In the last 10 years, the milk production in South Africa has shifted from predominantly inland systems (Total Mixed Ration or ‘TMR’) to pasture based systems. Pasture systems have undergone their own adjustment from coastal dry land farms being dominant players to large irrigated farms starting to dominate the dairy industry. The emphasis has shifted from maximising production to maximising efficiency – from litres produced to litres produced off grass (as opposed to feed).
This fundamental Key Performance Indicator (KPI) shift has resulted in the industry’s production becoming seasonal. In order to maximise milk off grass, farmers need to co-ordinate their peak milking periods with peak grass growth, being the Spring (September – November). This has resulted in a nightmare for milk processors who are flooded with milk in the Spring and Summer months and short of milk in the Winter, while the consumers demand for milk products (and therefore retailers demand) remains fairly constant throughout the year. In an attempt to incentivise year-round calving (non-seasonal milking), processors offer premiums for milk produced in the winter months, typically 30-50 cents per litre. However, these premiums have not been able to discourage seasonal milking as effectively as it has in countries like New Zealand, who offer significantly higher winter premiums that make it financially viable to milk year-round or even run herds that peak production in Winter. Milk processors need to go back to the drawing board on this one and offer long term price guarantees to incentivise specific herds to shift their calving patterns and therefore production peaks as short term premiums decided one or two months in advance will never cause a fundamental shift in industry practice.

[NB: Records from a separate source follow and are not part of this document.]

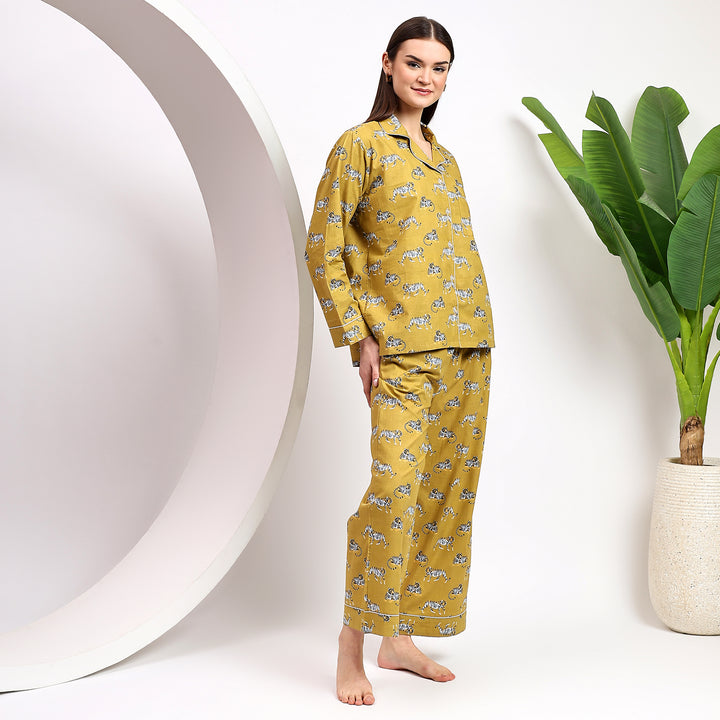 Women’s leopard print pajamas – cozy cotton PJ set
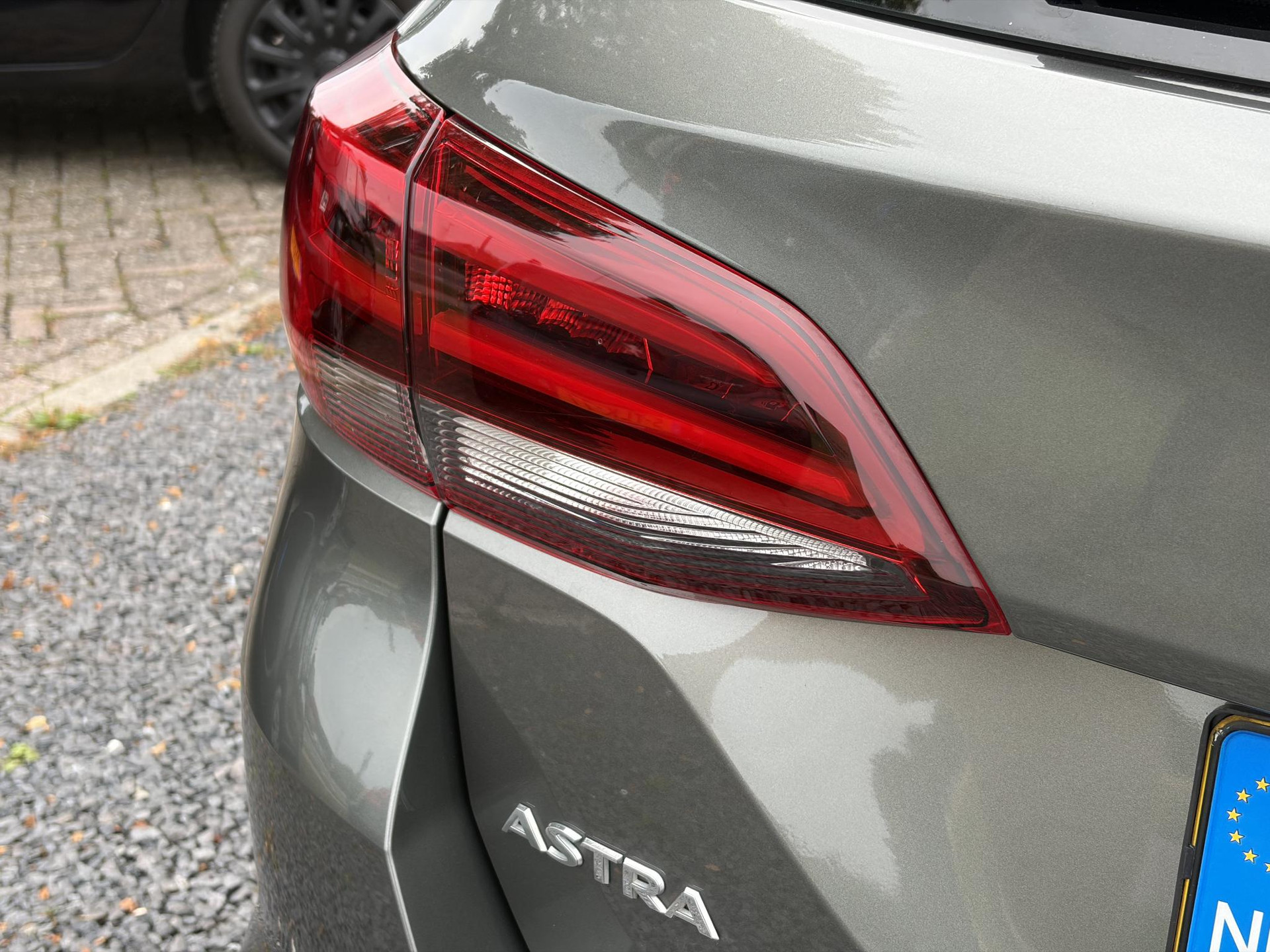 Opel Astra Sports Tourer 1.2 Elegance ✓131pk✓2e Eigenaar✓Camera✓Carplay✓6 Bak✓Stoelverw✓Stuurverw✓Pdc V+A✓Recent beurt gehad✓Clima✓Cruise✓Halfleder✓Keyless✓N.A.P✓Lm velgen✓Rijstrooksensor✓Apk tot 09-2028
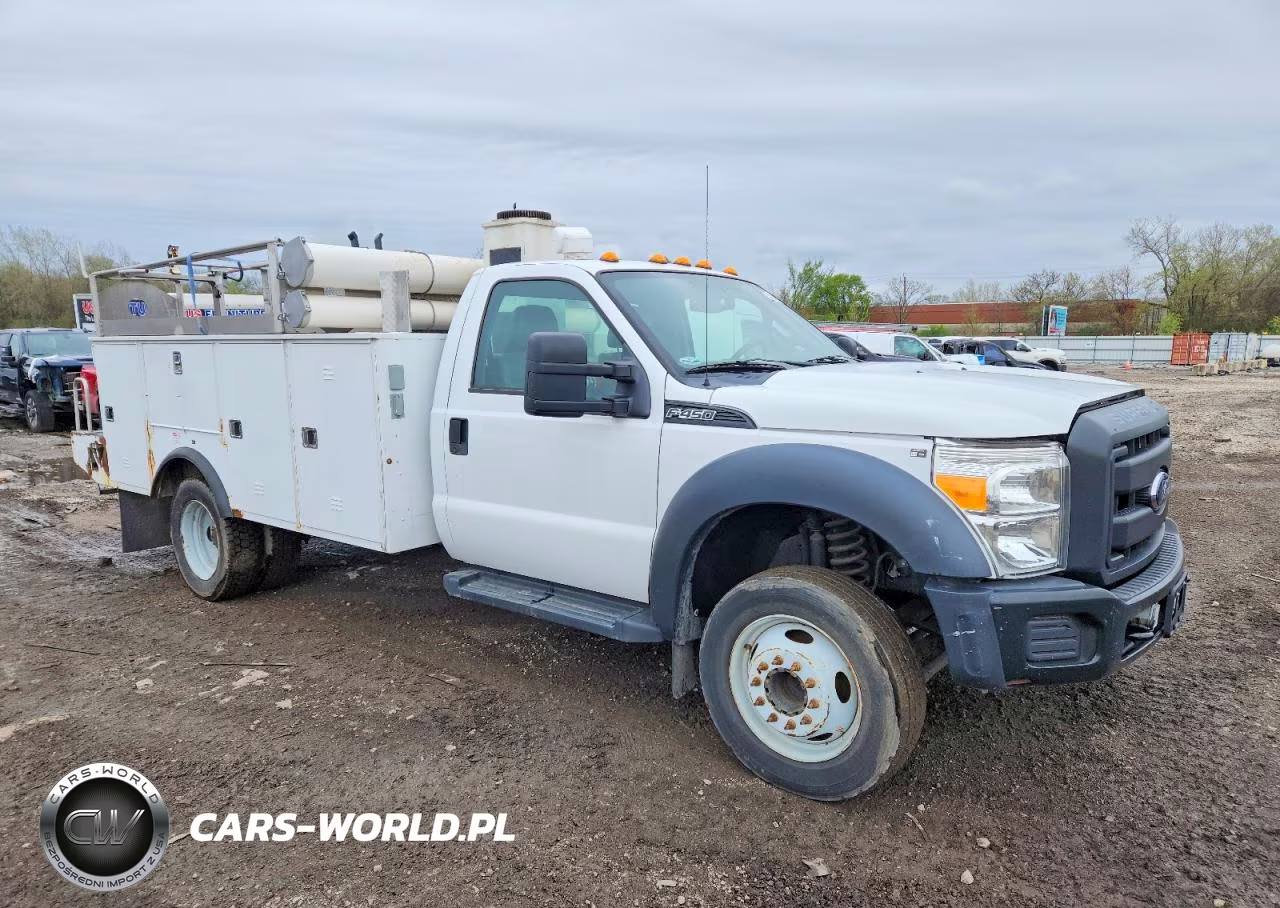 2013 Ford F450 Super Duty Bucket Truck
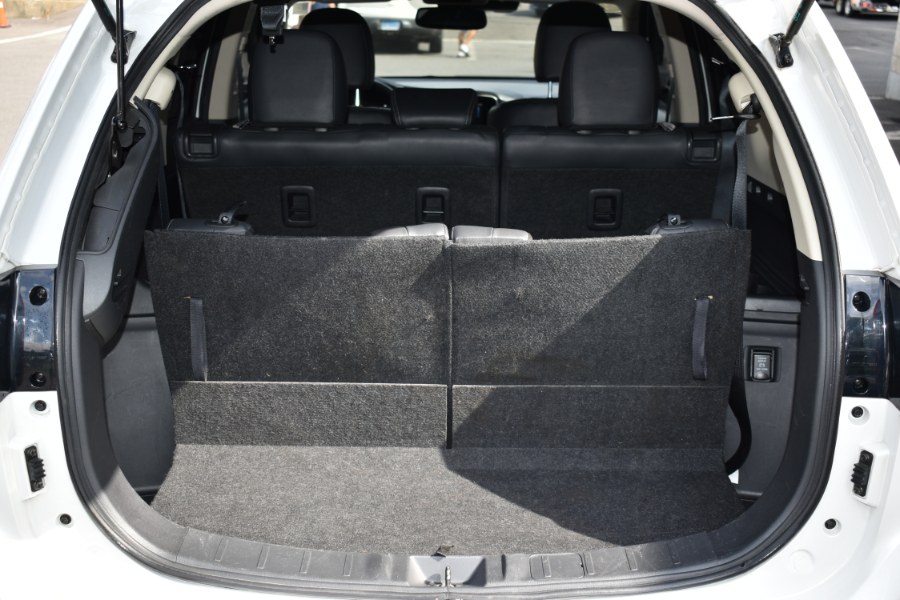 2020 Mitsubishi Outlander SEL S-AWC, available for sale in Waterbury, Connecticut | Highline Car Connection. Waterbury, Connecticut 2020 Mitsubishi Outlander SEL S-AWC, available for sale in Waterbury, Connecticut | Highline Car Connection. Waterbury, Connecticut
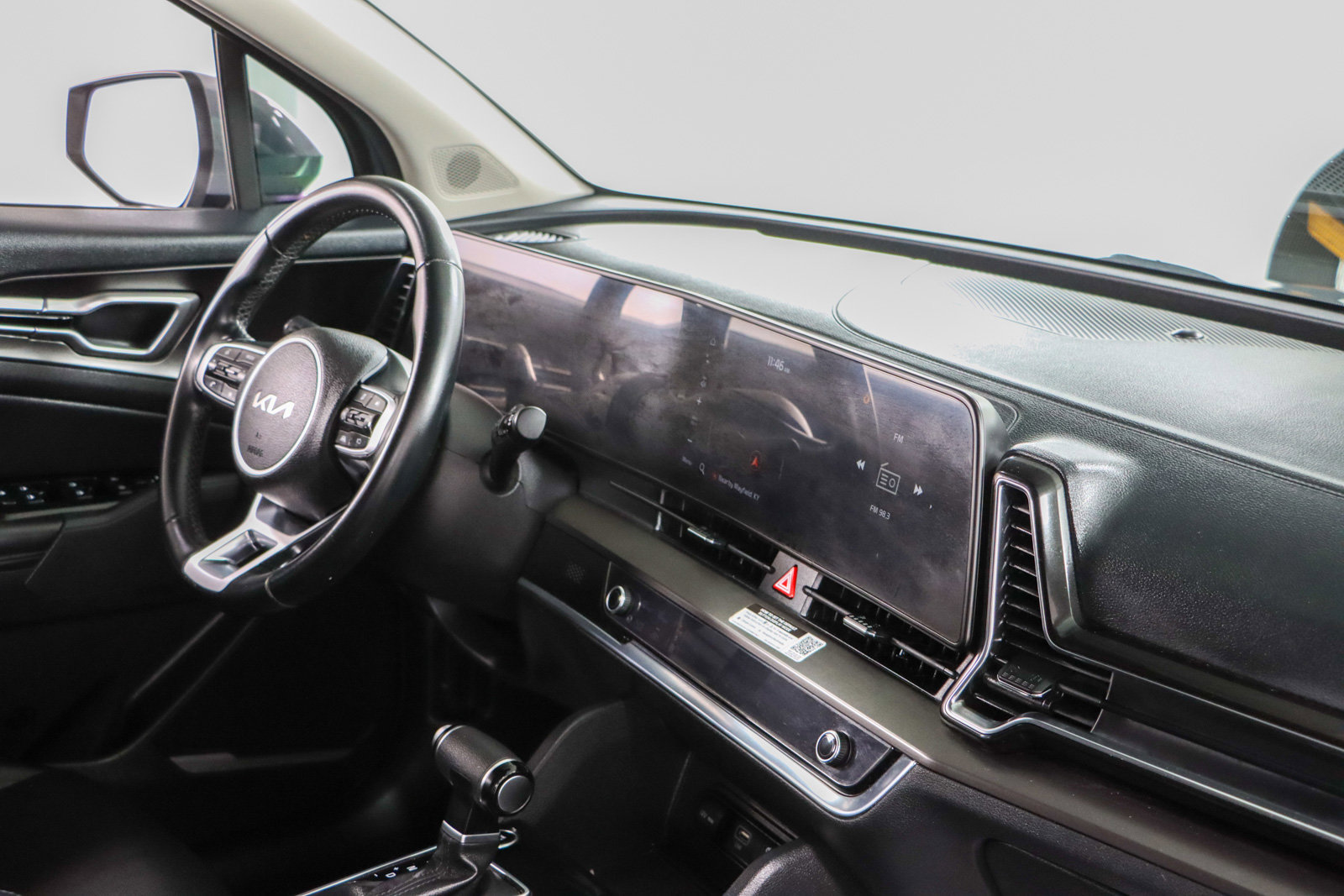 Used 2023 Kia Sportage EX FWD image 25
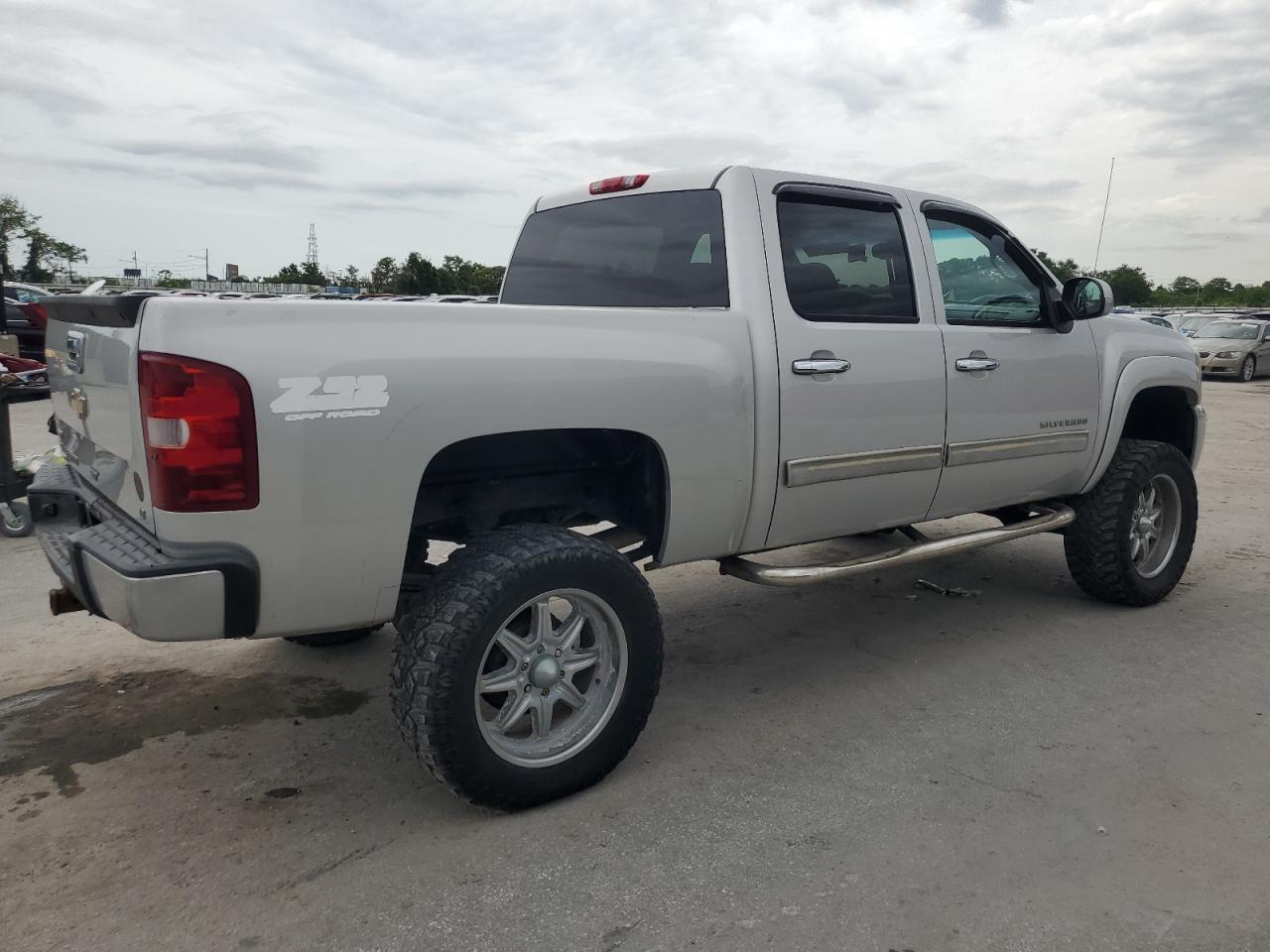 2010 Chevrolet Silverado - Image 3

The only alternative to flattening the milk supply curve for processors is to make massive investments in processing equipment to diversify their product ranges, to process products with long shelf lives like UHT, milk powder or cheese. This does not solve the entire problem as processing capacity has to match peak milk inputs (Spring) and sit with idle capacity for the rest of the year, resulting in factory inefficiencies and unnecessarily large capital outlays – factors that have left a number of processor casualties in its wake. The imbalance between milk supply (seasonal) and consumer demand (flat) and processor attempts to remedy this imbalance through short-term pricing adjustments has created instability in the industry. It has also necessitated retailers to import products to flatten the supply curve and has effectively shifted all the pricing power into the hands of the retailers. Farmers and processors in South Africa are now at a stage where they are forced to dance to the tune of the country’s massive retailers who use discounted Spring prices as the basis for negotiation for Winter prices. In my opinion, it is up to producers to manage the surplus and ensure a consistent supply to the market. The only feasible way to do this is to build an export market in a milk-balancing product such as milk powder. The export market should not be supplied as an afterthought, but rather a commitment should be made by all farmers to commit the first 10% of their annual production to this facility. This guaranteed supply will allow the facility to be efficiently capitalised and to build a solid market based on consistent supply. The facility would serve the purpose of removing the surplus as opposed to making significant profits as milk powder is a competitive, commoditised market that would require low milk prices and payment terms linked to sale and not supply to get off the ground. The financial benefits will flow from the increased pricing power resulting from surplus removal and applying to the remainder of the national milk production. The power balance will shift and farmers will have their futures in their own hands rather than in the hands of retailers squeezing margins to keep shareholders happy.
In my opinion, it is up to producers to manage the surplus and ensure a consistent supply to the market. The only feasible way to do this is to build an export market in a milk-balancing product such as milk powder. The export market should not be supplied as an afterthought, but rather a commitment should be made by all farmers to commit the first 10% of their annual production to this facility. This guaranteed supply will allow the facility to be efficiently capitalised and to build a solid market based on consistent supply. The facility would serve the purpose of removing the surplus as opposed to making significant profits as milk powder is a competitive, commoditised market that would require low milk prices and payment terms linked to sale and not supply to get off the ground. The financial benefits will flow from the increased pricing power resulting from surplus removal and applying to the remainder of the national milk production. The power balance will shift and farmers will have their futures in their own hands rather than in the hands of retailers squeezing margins to keep shareholders happy.
I believe that, as farmers, we are our own biggest challenge. Our short-sightedness and eternal chase of the next Rand has resulted in these types of ideas being cast aside. We are all happy to invest millions into our farming operations but very reluctant to invest into processing. An understandable reason for this reluctance is that our history in co-operatives has a very poor track record. Farmers have always opted for cash payouts rather than ownership in processing facilities – think Clover (NCD), Cape Dairies, Towerkop, Lancewood and others. Understanding that in many cases financial necessity has resulted in a need to sell and a common theme being farmers who should have stuck to their proverbial knitting failing to make the grade as leaders of dairy processing companies. We are good at producing low cost, high quality milk. We need to find a way that we can continue to do this without having to deal with fluctuating milk prices set at the whims of retailers.
Dairy producers and processors are ultimately in the same boat. There are holes in the boat and we need to start rowing in the same direction otherwise throwing the small guys overboard will not be enough to stop the boat from sinking.